» **MATERIAL PROVIDED**
****************************************

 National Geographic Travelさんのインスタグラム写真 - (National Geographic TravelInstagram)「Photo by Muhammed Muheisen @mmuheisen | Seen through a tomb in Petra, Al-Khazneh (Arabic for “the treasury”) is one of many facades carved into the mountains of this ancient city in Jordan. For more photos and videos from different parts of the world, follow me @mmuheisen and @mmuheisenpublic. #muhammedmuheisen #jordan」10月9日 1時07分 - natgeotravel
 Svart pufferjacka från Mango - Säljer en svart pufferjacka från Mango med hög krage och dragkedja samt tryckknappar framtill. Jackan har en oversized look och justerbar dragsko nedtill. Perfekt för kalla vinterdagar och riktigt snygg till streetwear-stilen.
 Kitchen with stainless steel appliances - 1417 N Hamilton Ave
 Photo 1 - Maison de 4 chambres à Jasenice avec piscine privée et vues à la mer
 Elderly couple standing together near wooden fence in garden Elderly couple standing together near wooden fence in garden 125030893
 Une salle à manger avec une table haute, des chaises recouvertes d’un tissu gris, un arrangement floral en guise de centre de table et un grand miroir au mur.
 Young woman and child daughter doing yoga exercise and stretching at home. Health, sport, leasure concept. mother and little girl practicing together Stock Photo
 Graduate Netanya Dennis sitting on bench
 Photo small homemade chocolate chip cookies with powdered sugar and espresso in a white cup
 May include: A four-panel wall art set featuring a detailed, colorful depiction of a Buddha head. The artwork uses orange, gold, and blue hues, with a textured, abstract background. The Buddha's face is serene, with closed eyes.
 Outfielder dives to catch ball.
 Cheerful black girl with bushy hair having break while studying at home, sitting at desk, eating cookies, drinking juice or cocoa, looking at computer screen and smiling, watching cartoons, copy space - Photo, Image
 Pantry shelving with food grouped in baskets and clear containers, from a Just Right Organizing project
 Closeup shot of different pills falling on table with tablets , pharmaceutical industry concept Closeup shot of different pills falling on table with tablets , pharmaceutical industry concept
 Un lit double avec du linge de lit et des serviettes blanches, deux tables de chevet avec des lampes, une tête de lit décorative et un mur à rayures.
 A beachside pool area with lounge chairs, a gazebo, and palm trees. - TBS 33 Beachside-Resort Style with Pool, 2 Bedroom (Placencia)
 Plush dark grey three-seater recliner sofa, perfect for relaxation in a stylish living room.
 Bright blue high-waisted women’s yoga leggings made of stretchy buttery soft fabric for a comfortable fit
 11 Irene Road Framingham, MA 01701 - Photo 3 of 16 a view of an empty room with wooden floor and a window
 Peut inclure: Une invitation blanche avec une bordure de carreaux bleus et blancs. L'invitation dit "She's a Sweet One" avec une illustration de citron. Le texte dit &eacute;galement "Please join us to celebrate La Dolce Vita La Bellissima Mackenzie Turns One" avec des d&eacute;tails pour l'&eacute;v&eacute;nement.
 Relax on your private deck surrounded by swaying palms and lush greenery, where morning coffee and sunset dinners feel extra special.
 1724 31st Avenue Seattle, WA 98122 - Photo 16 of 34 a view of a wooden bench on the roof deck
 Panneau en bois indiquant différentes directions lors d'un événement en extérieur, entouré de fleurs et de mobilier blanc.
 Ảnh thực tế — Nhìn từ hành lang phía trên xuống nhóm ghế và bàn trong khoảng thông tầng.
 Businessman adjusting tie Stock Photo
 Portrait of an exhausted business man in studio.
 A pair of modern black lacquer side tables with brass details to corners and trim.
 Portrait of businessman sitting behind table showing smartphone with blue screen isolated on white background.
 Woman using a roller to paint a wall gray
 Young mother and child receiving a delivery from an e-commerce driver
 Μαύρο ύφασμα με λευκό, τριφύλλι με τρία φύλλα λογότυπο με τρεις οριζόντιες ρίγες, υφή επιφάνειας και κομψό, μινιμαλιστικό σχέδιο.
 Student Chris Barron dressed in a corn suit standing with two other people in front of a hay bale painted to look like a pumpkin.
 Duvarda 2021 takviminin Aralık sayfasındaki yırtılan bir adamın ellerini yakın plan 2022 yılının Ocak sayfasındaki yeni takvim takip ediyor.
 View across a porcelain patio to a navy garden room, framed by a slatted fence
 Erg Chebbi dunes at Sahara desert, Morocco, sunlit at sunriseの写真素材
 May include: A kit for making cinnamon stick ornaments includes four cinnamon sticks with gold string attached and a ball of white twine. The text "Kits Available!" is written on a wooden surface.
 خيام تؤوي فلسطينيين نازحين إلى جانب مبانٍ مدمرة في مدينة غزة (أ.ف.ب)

****************************************

» **EXERCISE INSTRUCTIONS**
Set down precisely the lines above between the line holding "Plush dark grey" and the line holding "11 Irene Road", inclusive, and nothing beyond them.

» **PROBLEM SOLUTION**
 Plush dark grey three-seater recliner sofa, perfect for relaxation in a stylish living room.
 Bright blue high-waisted women’s yoga leggings made of stretchy buttery soft fabric for a comfortable fit
 11 Irene Road Framingham, MA 01701 - Photo 3 of 16 a view of an empty room with wooden floor and a window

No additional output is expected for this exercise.